Pleasure Cruz

No woman on the verge, Penelope Cruz evokes the admirable, problem-solving protagonists of 1950s Hollywood tearjerkers in the Spanish-language film.
No woman on the verge, Penelope Cruz evokes the admirable, problem-solving protagonists of 1950s Hollywood tearjerkers in the Spanish-language film. (By Emilio Pereda & Paola Ardizzoni/el Deseo -- Sony Pictures Classics)
By Desson Thomson
Washington Post Staff Writer
Friday, December 22, 2006

For her role in "Volver," Penelope Cruz strapped on a prosthetic derriere to enhance her Mediterranean assets. But as the beleaguered Madrid homemaker at the center of this warmly seductive movie, she gives us something finer to savor -- call it inner voluptuousness.

We know Cruz's external voluptuousness only too well. As soon as the respected Spanish actress arrived in Hollywood, it became her leading commodity -- first as Tom Cruise's arm candy, then as Hollywood's go-to sexy foreigner. Her brown eyes and lispy lilt were the only things worth noting about her so-so performances in "Vanilla Sky" and "Blow." She seemed to have hit the Euro-babe glass ceiling.

As "Volver" makes radiantly clear, Cruz, 32, can hold an audience's attention through her acting. All she apparently needed was a return to a Spanish-language role. Luckily, filmmaker Pedro Almodovar -- who never met a female character, real or in drag, he didn't love -- provides that opportunity. As Raimunda, an airport cleaner whose quiet heroics take place at home, she's a subtle revelation. And we remember what we loved about her in films such as 1992's "Belle Epoque" and 1997's "Abre los Ojos": not just God-given beauty but her canny animation of it.

Her face registers every heartbreak, irritation and disappointment. Her mascara-lined eyes seem perpetually shiny -- as if she were the Spanish equivalent of Roy Lichtenstein's teary, comic book women, though we learn she's no crybaby. We're drawn to this resolute problem solver, who recalls the stoic housewives of such 1950s Hollywood tearjerkers as "All That Heaven Allows" and "Imitation of Life." In those classics, the women's seemingly mundane, melodramatic ordeals were symbolic of deeper issues in society -- sexism, racism and classism -- and the characters' determination attained a sort of transcendental glory. In "Volver," Raimunda's courage is just as compelling as she contends with murder, adultery, incest and -- in Almodovar's anything-goes universe -- beyond-the-grave visits from her dearly departed mother (Carmen Maura).

First-time viewers of Almodovar's films may initially scratch their heads over a film that interweaves the farcical with the affecting, the comic with the disturbing, and ghostly elements with Hitchcockian melodrama.
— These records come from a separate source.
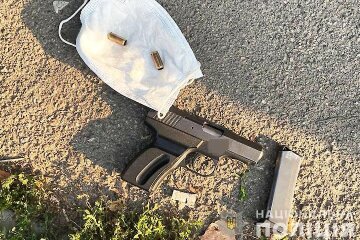 В Києві чоловік влаштував стрілянину у відповідь на зауваження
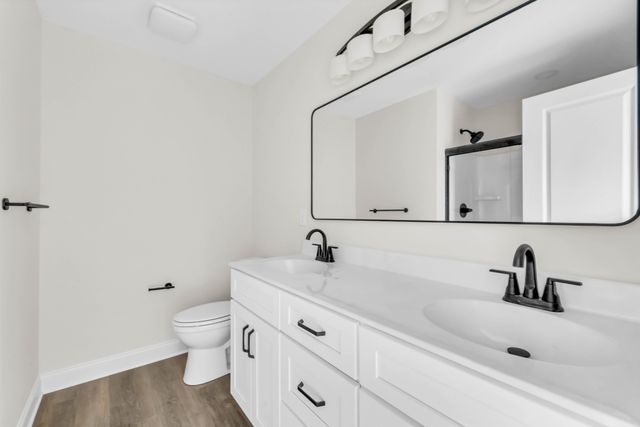 664 Chesterfield Cir, Clarksville, TN 37043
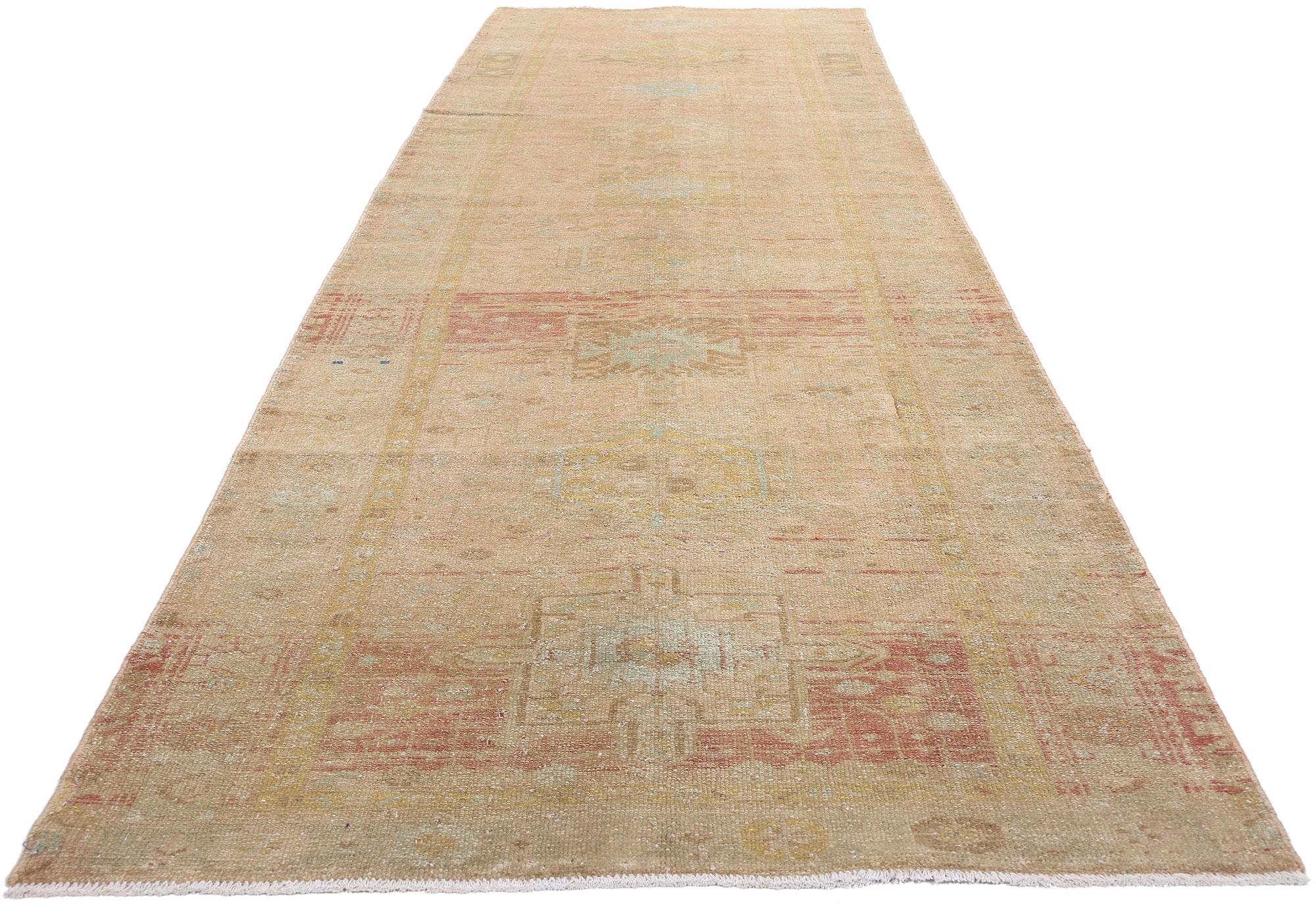Kazakh Tapis de couloir persan ancien du Nord-Ouest des années 1920 avec style tribal en vente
Aficionados of his peripatetic style, however, will note a maturation from his early films (so politically and sexually provocative, so flamboyant and cavalier) to this richer, more thoughtful amalgam of moods and textures. That deeper sensibility has marked more recent offerings such as "All About My Mother," "Talk to Her" and "Bad Education," in which the Spanish director treats controversial content with a new subtlety and restraint. Where audiences once left Almodóvar's movies giggling and shaking their heads in disbelief (a nun addicted to heroin?), they now emerge deeply moved.
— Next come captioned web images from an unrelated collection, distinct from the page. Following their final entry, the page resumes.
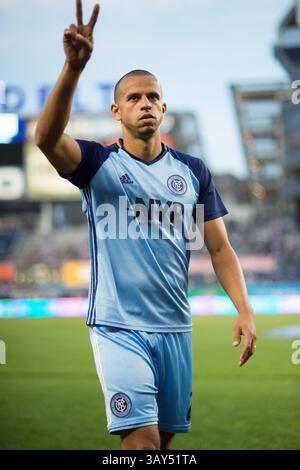 September 2016: Bronz, New York, USA S - der New York City FC-Verteidiger JASON HERNANDEZ winkt den Fans vor dem Spiel im Yankee Stadium in der Bronx, NY. (Bild: © Mark Smith via ZUMA Wire) Stockfoto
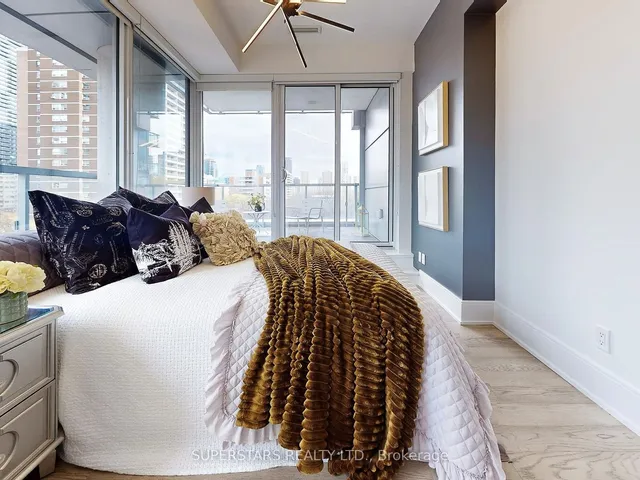 Additional image 14 of 1 Gloucester St Unit 609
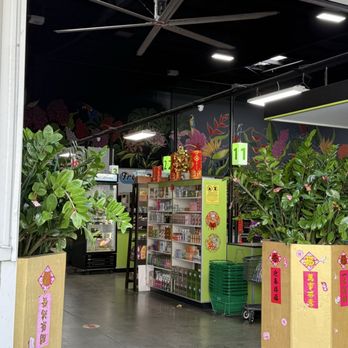 Island Green Mart - Entrance - Public Markets Near Me - Honolulu, Hawaii Island Green Mart - Entrance - Public Markets Near Me - Honolulu, Hawaii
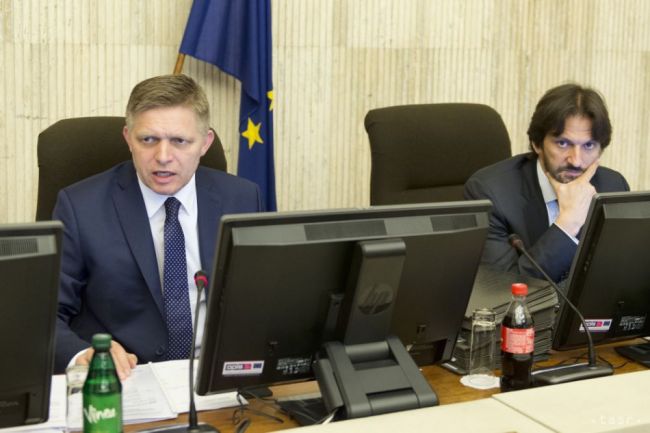 R. FICO: Treba začať hovoriť o ponuke EÚ ľuďom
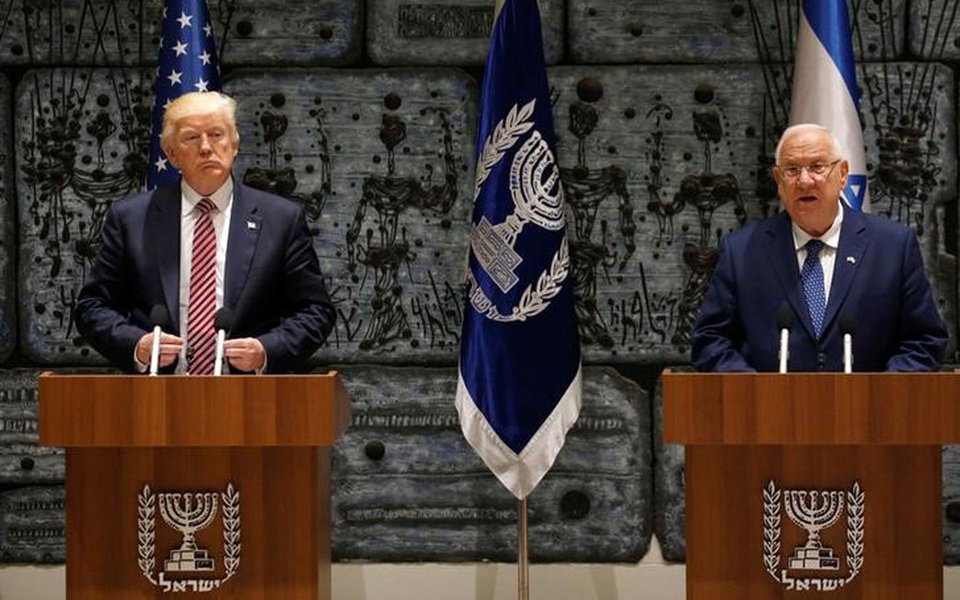 Presidente dos EUA, Donald Trump, e presidente de Israel, Reuven Rivlin, fazem pronunciamento em conjunto na residência de Rivlin em Jerusalém. 22/05/2017 REUTERS/Jonathan Ernst
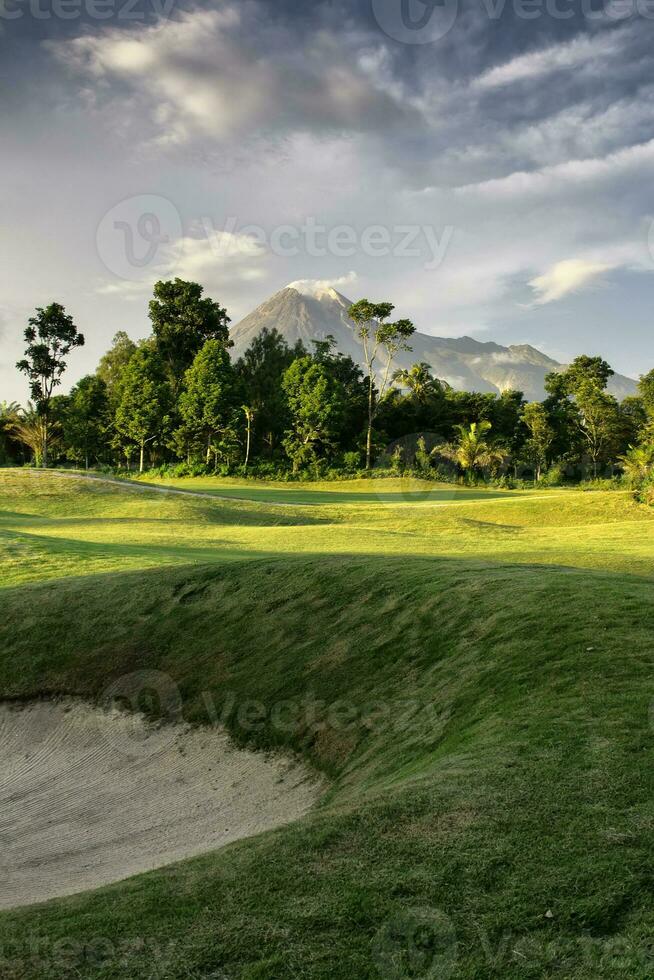 natuur landschapsmening van vulkaanberg in yogyakarta, indonesië foto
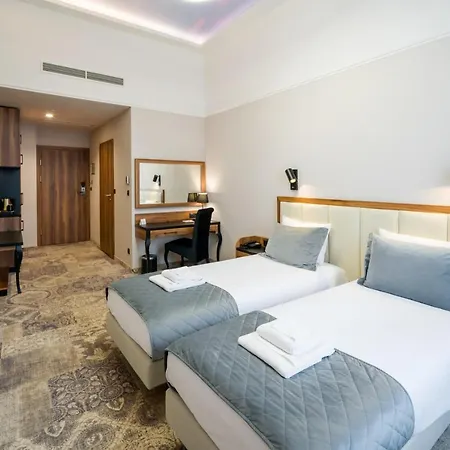 Hotel Sky 4*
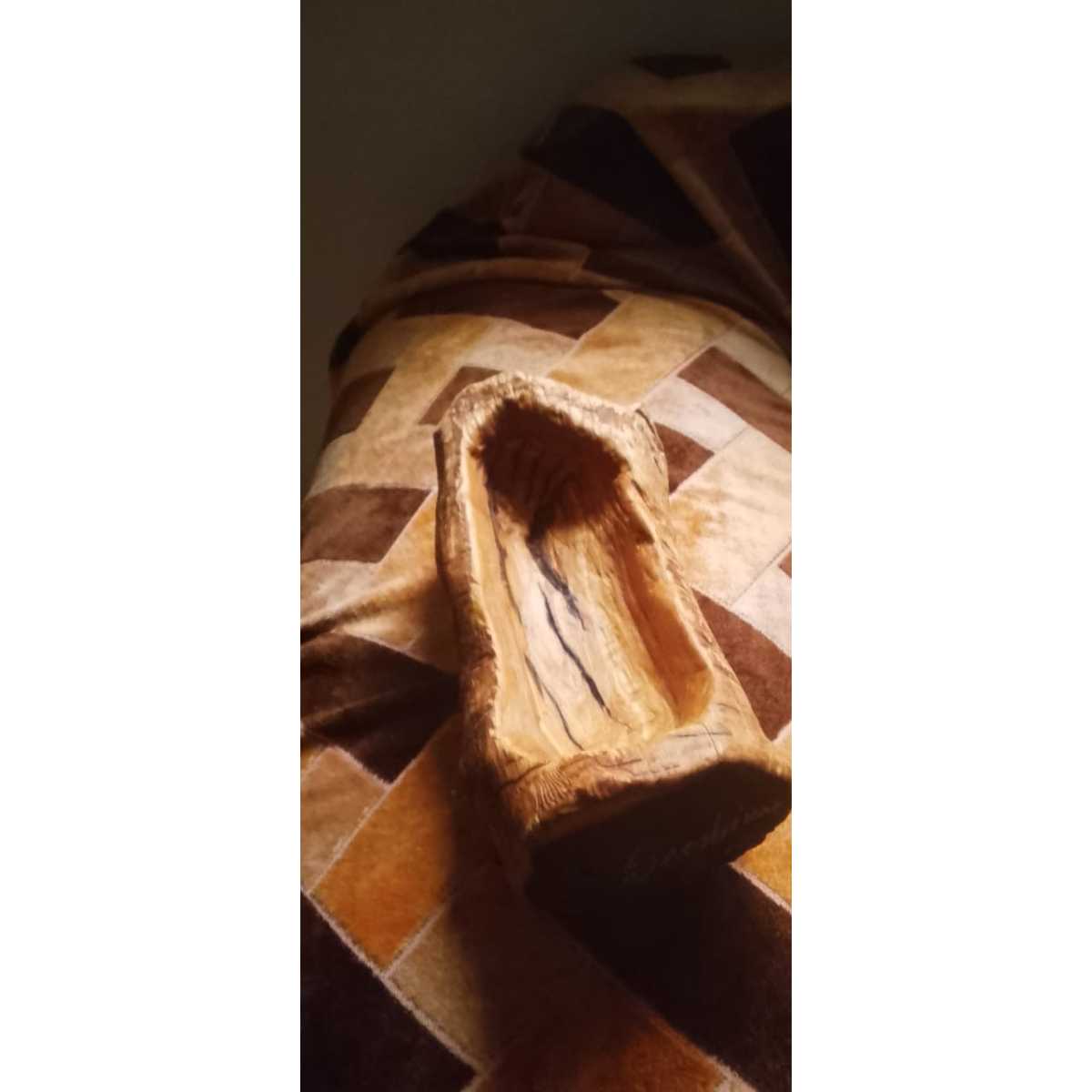 Bol en bois sculpté en olivier sauvage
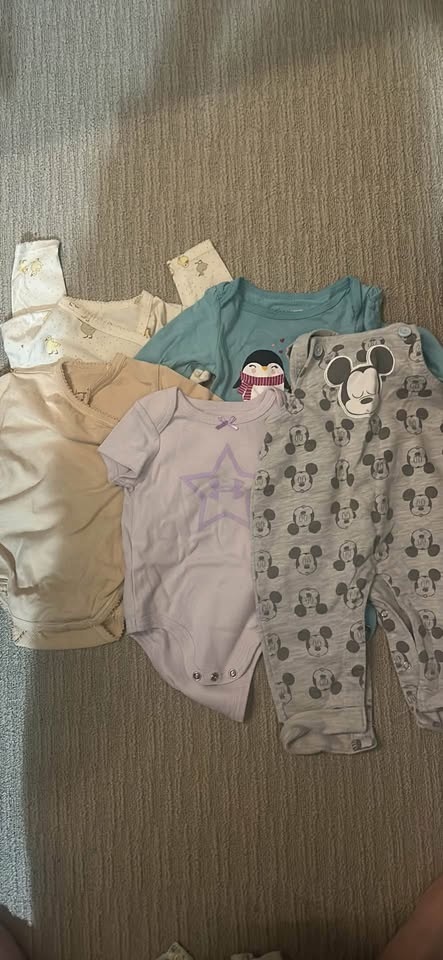 Baby Clothing (3-12 Months) $3 per piece - photo 2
There's another sea change in "Volver": Instead of the transvestite characters that were such familiar standbys in so many of Almodóvar's older movies, we get women. Lots of them. With the exception of Raimunda's shiftless husband, Paco (Antonio de la Torre), and a few minor characters, the cast of "Volver" is entirely female and, we'd like to emphasize, uniformly terrific. (The women collectively took the top acting prize at Cannes this year; Almodóvar's script was also a winner.)

And among them, he creates a charming, even profound intimacy -- what might have been dismissed as silly girl stuff attains enormous heft. Unspoken secrets between Raimunda and her sister Sole (Lola Dueñas) suddenly feel as foreboding as thunderheads, and the machine-gun kisses that neighborhood friend Agustina (Blanca Portillo) plants on everyone's cheeks are not only amusing, they're testament to her enormous capacity for love. Almodovar's recently discovered gentle touch continues, too: Look beneath the movie's playfully macabre surface and you'll find a paean to household togetherness, inner resilience and it-takes-a-village camaraderie, as Raimunda enlists everyone she knows to help her quickly rustle up a banquet for about two dozen hungry guests.

But before anyone mourns the demise of Madrid's resident provocateur, let it be said: Almodovar is still one naughty fella. Even in the most poignant scenes, his camera still seeks out gratuitous shots of ample cleavage and well-rounded cabooses.

This all makes for a deeply entertaining experience that engages our hearts as well as our funny bones. And it's gratifying to see Cruz (who had supporting roles in Almodovar's "Live Flesh" and "All About My Mother") finally get her due. Whether she's tearfully enduring her husband's unwanted advances in bed or breaking spontaneously into the title tune, a passionate flamenco-style number about unexpected encounters with the past, she's always in full song -- shattering not wineglasses but preconceptions.

Volver (121 minutes, in Spanish with subtitles, at area theaters) is rated R for profanity, sexual scenes, drug use and mature themes.